Forced and free dynamic responses of functionally graded porous Rayleigh small-scale beams on Kerr foundation under moving force

Abstract

As a first attempt, free and forced vibrations of functionally graded (FG) porous nanoscale beams embedded in a Kerr foundation under a moving force with constant speed and acceleration are studied analytically and numerically based on the nonlocal strain gradient Rayleigh beam model. It is assumed that the material characteristics of the nanobeam across the thickness are graded according to the power-law function involving different porosity distribution patterns. The governing equation for the motion of the nanobeam is derived by utilizing the extended Hamilton’s principle. With the help of the Galerkin decomposition approach, natural frequencies and dynamic responses of the system are acquired. Several comparative studies are performed with published data in the open literature for validation purposes.
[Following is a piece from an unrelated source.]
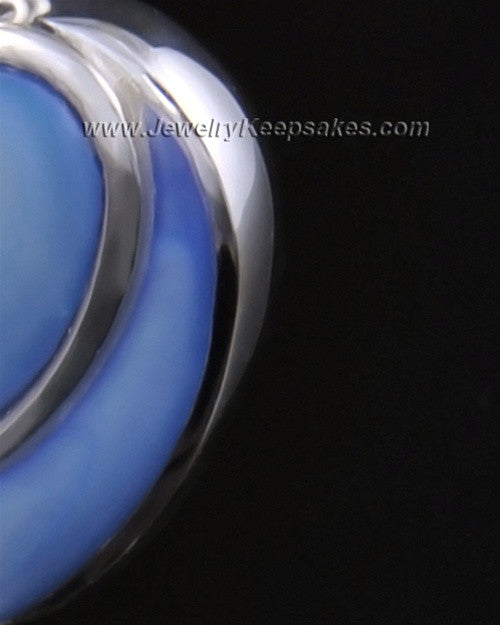 Ash Pendant 14k White Gold Azure Heart-Engravable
Finally, the effects of various parameters such as gradient index, porosity characteristics, foundation properties, and size-dependent parameters on forced and free vibrations of the system are clarified. The results declared that the critical force speed decreases with increasing the gradient index. It is also inferred that for the system with a uniform porosity distribution, the cancellation and critical force speeds increase/decrease for low/high values of the gradient index as the porosity volume fraction increases. Meanwhile, it is indicated that by accurately adjusting the properties of the FG porous material, undesirable vibration of the system can be eliminated. The outcomes of the present investigation could be beneficial in the optimum design of inhomogeneous small-scale transportation systems.